The pound has remained supported despite US dollar strength, helped by positive jobs data released this Tuesday morning. The good UK jobs data is also supporting expectations of further interest rate hikes by the Bank of England (BoE).
Chancellor of the Exchequer, Rishi Sunak, has welcomed today’s data and said that the “figures are proof that the jobs market is thriving, with employee numbers rising to record levels, and redundancy notifications at their lowest levels since 2006 in December.”
Unemployment rate drops
The jobless rate fell to 4.1% during the quarter of September and November, according to the Office for National Statistics. After the end of the furlough scheme, the labour market has proven to be resilient and has continued to grow stronger in November. While wage growth slowed down, it remained above 4.2%.

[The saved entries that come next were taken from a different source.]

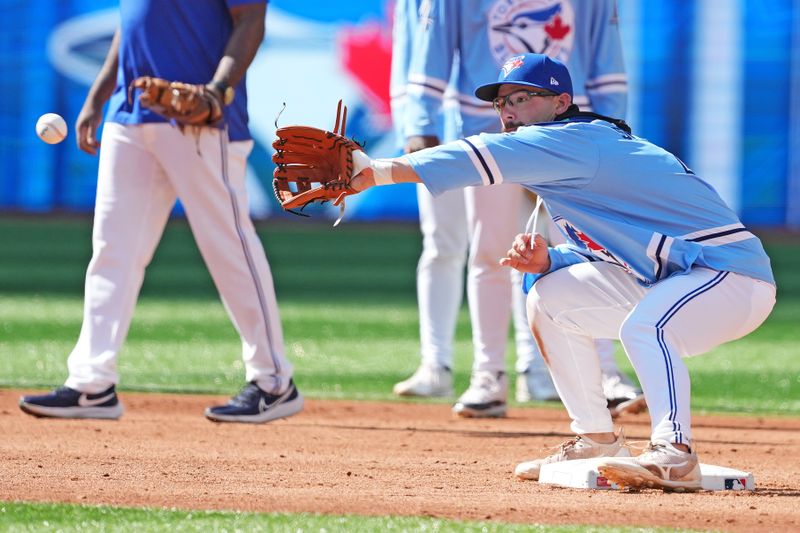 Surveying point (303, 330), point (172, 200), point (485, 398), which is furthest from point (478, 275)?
point (303, 330)

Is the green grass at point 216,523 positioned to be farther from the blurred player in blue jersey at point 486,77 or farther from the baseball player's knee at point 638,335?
the blurred player in blue jersey at point 486,77

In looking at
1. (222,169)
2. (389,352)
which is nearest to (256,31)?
(222,169)

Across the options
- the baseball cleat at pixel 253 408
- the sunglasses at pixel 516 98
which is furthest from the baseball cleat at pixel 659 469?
the baseball cleat at pixel 253 408

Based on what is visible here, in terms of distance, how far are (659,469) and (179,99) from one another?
2295 millimetres

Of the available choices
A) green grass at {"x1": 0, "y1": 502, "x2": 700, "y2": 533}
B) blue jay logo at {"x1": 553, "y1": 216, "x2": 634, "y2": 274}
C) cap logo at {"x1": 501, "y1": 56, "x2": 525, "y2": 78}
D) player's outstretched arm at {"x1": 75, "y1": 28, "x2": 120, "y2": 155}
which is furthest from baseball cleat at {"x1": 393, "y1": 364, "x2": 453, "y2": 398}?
green grass at {"x1": 0, "y1": 502, "x2": 700, "y2": 533}

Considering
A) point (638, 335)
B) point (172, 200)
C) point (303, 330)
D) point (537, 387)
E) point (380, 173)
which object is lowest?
point (303, 330)

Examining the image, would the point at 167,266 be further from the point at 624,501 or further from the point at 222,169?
the point at 624,501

The ONS estimates that employers added 184,000 more staff in December, pushing payrolls higher, to 409,000, which represents 1.4%, above pre-pandemic levels.

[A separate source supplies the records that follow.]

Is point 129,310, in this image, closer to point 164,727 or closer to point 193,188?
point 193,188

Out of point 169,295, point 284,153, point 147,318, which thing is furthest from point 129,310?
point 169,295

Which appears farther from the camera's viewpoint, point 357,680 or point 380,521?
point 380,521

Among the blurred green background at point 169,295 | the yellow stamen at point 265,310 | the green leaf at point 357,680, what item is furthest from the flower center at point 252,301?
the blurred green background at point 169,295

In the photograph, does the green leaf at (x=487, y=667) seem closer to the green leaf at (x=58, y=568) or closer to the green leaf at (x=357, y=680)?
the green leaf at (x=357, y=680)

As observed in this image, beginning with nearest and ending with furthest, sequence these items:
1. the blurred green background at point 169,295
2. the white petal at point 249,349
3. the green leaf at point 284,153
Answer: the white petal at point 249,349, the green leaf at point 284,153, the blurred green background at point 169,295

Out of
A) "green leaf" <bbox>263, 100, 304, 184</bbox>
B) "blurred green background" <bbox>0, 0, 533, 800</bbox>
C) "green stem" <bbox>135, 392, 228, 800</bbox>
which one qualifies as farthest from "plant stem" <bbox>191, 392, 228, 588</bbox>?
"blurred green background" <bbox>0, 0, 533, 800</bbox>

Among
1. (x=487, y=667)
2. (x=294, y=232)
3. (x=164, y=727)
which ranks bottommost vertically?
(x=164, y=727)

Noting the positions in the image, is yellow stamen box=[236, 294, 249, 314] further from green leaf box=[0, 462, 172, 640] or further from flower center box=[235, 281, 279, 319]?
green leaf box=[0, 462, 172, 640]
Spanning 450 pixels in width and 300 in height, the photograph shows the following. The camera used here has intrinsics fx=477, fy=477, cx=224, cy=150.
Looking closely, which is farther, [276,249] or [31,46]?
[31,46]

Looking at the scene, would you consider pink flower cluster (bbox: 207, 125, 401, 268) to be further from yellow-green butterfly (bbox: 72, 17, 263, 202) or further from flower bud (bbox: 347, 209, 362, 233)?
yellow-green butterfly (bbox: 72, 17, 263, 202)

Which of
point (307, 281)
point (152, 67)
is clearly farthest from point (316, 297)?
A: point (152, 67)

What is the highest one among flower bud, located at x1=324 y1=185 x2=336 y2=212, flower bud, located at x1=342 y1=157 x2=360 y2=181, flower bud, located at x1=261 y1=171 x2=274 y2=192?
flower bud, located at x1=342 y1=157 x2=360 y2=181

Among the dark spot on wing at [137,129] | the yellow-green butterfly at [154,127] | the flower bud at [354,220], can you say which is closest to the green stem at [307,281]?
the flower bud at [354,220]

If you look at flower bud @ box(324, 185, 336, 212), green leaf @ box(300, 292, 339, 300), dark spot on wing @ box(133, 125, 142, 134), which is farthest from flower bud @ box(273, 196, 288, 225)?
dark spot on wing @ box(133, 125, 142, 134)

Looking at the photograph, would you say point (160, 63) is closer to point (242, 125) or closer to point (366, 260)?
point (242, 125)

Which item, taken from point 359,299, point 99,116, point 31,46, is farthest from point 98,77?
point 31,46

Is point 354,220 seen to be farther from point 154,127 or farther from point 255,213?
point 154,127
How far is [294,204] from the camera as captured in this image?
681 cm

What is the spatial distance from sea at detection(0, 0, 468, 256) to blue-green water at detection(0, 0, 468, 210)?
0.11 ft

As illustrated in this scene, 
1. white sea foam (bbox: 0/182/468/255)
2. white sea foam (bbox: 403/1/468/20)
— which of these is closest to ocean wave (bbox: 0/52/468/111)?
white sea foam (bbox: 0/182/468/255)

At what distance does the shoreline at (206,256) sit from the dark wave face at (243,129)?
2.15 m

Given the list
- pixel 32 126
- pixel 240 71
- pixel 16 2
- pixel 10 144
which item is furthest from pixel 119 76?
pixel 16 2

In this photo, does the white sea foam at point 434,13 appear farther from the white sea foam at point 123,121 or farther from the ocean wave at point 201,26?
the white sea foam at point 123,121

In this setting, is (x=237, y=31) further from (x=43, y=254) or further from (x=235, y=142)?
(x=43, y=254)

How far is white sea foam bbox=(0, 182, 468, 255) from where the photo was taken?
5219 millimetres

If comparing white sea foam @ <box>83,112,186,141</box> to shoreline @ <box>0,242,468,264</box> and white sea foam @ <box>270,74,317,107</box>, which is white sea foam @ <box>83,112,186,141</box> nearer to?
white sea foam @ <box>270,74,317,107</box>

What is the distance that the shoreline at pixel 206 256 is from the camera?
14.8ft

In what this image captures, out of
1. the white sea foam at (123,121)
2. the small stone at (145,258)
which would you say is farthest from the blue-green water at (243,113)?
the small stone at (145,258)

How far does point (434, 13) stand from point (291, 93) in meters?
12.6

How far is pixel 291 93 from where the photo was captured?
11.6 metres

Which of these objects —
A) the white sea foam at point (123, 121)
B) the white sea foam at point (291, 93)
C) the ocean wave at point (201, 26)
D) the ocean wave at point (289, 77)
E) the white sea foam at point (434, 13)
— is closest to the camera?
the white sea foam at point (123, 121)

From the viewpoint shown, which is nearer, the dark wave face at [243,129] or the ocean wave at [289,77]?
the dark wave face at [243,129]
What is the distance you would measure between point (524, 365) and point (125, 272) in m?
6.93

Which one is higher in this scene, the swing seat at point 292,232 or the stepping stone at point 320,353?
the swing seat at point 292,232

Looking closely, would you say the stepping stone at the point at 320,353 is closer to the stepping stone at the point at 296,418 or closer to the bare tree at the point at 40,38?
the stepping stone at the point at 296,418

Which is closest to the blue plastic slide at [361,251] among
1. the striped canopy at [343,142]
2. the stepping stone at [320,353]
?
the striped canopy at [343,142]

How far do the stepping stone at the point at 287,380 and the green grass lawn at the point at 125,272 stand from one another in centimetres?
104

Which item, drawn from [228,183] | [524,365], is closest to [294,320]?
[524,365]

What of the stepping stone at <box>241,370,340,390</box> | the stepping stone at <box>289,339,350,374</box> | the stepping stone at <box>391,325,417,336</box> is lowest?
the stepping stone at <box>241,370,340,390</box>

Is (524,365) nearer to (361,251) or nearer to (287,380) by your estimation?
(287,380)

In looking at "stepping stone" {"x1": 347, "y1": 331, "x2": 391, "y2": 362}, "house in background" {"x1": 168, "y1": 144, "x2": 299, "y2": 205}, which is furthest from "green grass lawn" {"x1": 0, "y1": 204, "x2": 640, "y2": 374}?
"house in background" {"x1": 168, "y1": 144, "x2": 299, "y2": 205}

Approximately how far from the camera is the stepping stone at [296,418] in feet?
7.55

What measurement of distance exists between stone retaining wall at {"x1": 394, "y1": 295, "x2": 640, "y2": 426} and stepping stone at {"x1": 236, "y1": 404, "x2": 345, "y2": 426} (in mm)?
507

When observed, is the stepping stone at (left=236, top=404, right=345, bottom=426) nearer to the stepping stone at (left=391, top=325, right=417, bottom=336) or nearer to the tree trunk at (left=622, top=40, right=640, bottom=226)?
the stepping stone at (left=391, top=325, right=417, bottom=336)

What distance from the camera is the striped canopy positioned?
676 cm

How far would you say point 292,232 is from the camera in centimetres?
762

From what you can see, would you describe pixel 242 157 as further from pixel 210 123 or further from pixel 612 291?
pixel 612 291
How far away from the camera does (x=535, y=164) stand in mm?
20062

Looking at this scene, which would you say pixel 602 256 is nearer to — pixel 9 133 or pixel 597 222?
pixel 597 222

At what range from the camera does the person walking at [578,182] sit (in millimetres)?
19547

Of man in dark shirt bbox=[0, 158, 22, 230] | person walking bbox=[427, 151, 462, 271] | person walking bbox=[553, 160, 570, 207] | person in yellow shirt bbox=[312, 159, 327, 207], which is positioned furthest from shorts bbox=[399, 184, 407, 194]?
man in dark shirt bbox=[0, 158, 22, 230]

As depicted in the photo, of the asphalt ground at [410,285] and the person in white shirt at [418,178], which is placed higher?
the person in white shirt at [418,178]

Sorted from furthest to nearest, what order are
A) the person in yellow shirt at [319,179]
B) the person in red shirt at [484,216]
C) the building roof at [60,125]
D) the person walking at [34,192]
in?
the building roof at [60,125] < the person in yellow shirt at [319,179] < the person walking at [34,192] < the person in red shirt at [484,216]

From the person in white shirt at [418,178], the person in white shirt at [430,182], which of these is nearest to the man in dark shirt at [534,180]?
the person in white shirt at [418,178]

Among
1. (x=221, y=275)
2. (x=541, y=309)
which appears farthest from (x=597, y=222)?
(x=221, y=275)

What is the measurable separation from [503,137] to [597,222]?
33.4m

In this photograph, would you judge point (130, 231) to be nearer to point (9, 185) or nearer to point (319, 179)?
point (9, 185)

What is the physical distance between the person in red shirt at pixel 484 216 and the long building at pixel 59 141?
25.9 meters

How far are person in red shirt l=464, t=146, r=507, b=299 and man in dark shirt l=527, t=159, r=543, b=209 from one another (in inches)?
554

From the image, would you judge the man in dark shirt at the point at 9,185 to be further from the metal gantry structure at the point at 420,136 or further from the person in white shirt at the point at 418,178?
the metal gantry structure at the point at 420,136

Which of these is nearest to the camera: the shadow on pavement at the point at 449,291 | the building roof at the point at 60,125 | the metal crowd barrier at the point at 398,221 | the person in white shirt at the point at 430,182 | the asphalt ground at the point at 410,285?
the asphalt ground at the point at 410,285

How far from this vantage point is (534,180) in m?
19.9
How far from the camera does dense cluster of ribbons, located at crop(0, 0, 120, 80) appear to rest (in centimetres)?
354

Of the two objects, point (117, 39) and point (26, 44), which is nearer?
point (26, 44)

Vacancies increased too, with 1,247,000 vacancies in October-December. Most industries have shown a high number of vacancies, but the ONS warned that the rate of growth in vacancies has slowed. There are 462,000 more vacancies than before the pandemic. The redundancy rate has fallen which means that the end of the furlough scheme did not significantly affect the jobs market.
Economic inactivity rate rose by 0.2% to 21.3%. This suggests that an increasing number of people have left the labour market, either because they have retired, started studying or are ill.
Consumer price inflation (CPI) rose to 5.1% in November and is expected to hit 6% by this spring when energy bills increase.
The ONS reported that wages fell as prices rose in November: “In real terms (adjusted for inflation), total and regular pay have shown minimal growth in September to November 2021, at 0.4% for total pay and 0.0% for regular pay; single-month growth in real average weekly earnings for November 2021 fell on the year for the first time since July 2020, at negative 0.9% for total pay and negative 1.0% for regular pay.” The ONS showed that public sector was hit by the pay squeeze: “Average total pay growth for the private sector was 4.5% in September to November 2021, while for the public sector, it was 2.6%; all sectors saw growth, with the finance and business services sector seeing the largest growth rate at 6.8%.”
Cost of living
The UK’s cost of living is going to get worse according to Stephen Evans, chief executive of Learning and Work Institute. He warned that 2022 “will be dominated by the cost of living crunch and labour shortages.” He stressed that today’s data has shown that prices rose faster than wages, and with inflation pushing higher and further tax rises households will struggle. He clarified that the total number of working people was still below pre-pandemic levels, while the growing number of those being sick meant that there are now one million less people working than before the pandemic.
The chancellor, Rishi Sunak, highlighted the positive figures and said the government’s plan for jobs was creating opportunities for all including traineeships for young people and sector-based work academies for those changing careers.